14 September 2018

You’re never too old to make a wish and have that wish come true. That’s the message behind the film Don’t Let Life Fly By, which chronicles 100-year-old Mary Ledbetter as she dreams of flying a plane and then has her wish granted. The film is one of two real-life stories in Brookdale’s Second Annual Celebrate Aging Film Festival, which are nominated for the Courage Award, recognizing films that show older adults with the courage to live life to its fullest. Written by Debbie Grubb, 71, who has been blind since birth, the film was created as a reminder that we can accomplish great things together, even realizing dreams. Don’t Let Life Fly By was shot and directed by Katie Penta, the resident programs director at Freedom Village Bradenton. We talked to her about making the film.

Vote for your favorite!
You can watch all the nominated films and vote for the Ecolab People’s Choice Award.

What were you trying to say with this film?

Penta: Our main message was to prove that age is just a number. You’re only as old as you feel. Seniors can be an inspiration for the rest of the world, including younger generations. Don’t Let Life Fly By was conceived as a dream in the hearts of those daring to hope, that despite all the reasons for believing that these dreams could never come true for them, they still dared to believe that they could soar.
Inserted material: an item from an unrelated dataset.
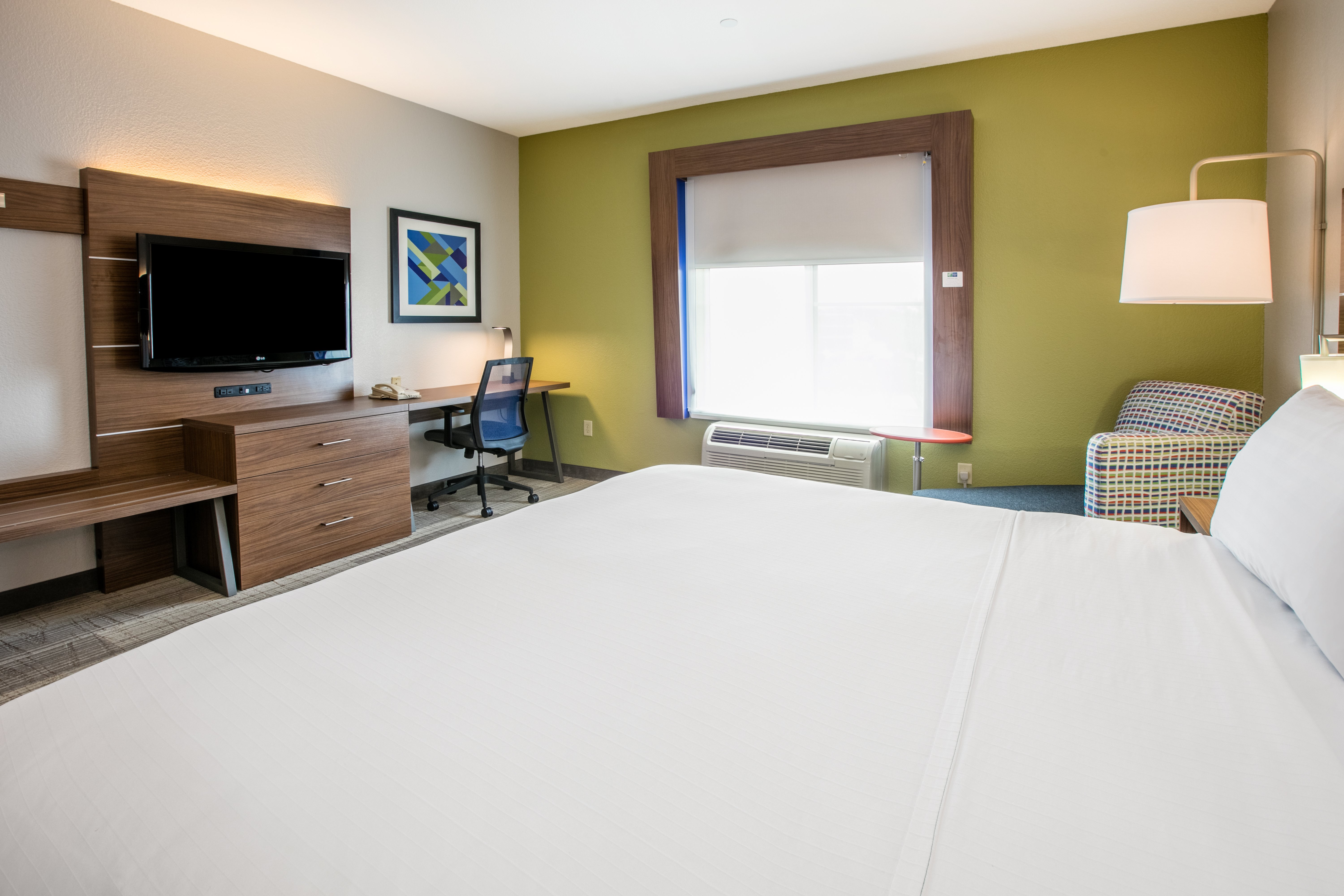 Holiday Inn Express Hotel And Suites Dallas Grand Prairie I 20 30/80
Debbie Grubb wrote the script and she’s been blind since birth. Mary just turned 100 this year.

Why was that topic important to you?

Penta: I think it was important to us because of the community and our residents. We’ve all been passionate about the Wish of a Lifetime program and wanted to share how wonderful it is. You’re never too old to have a wish or have it fulfilled. You can do anything and we wanted to show people that our residents can, too.
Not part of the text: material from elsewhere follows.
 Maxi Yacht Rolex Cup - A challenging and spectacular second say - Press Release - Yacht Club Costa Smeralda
How many people participated in making this film?

Penta: We had about 10 residents and associates help.

What was the most challenging part of the film making process?

Penta: For me it was the lighting and trying to get the shot of the birds. I spent a solid three weeks going out to the pond to check the lighting so it would match our other shots. It came down to the wire, but I finally got the birds on camera.

How did this project help connect residents and associations at your community?

Penta: I think it helped us connect as a community. Everyone saw me running around with the iPad. I even had the maintenance guy scare the bird to make it fly so I could get a shot of it. So this really did pull us all together.
It gave the residents purpose and meaning. We worked hard to tell a good story. Everyone knows Mary. She was telling everyone that she was going to be a star. She’s just through the moon about being nominated. The entire community is excited for her.

What did you like best about creating this film?

Penta: I loved the entire process. I really loved working with Debbie. Doing her voice over and watching her type on the brail keyboard to make the words come across was fascinating. She’s an advocate for the blind. She’s so active and is the most positive person in the world. She’s an incredible writer.

Is there anything else you want to tell us about your film or your crew?

Penta: It was an overall amazing experience. Debbie, her guide dog and I are all excited about coming to the film festival.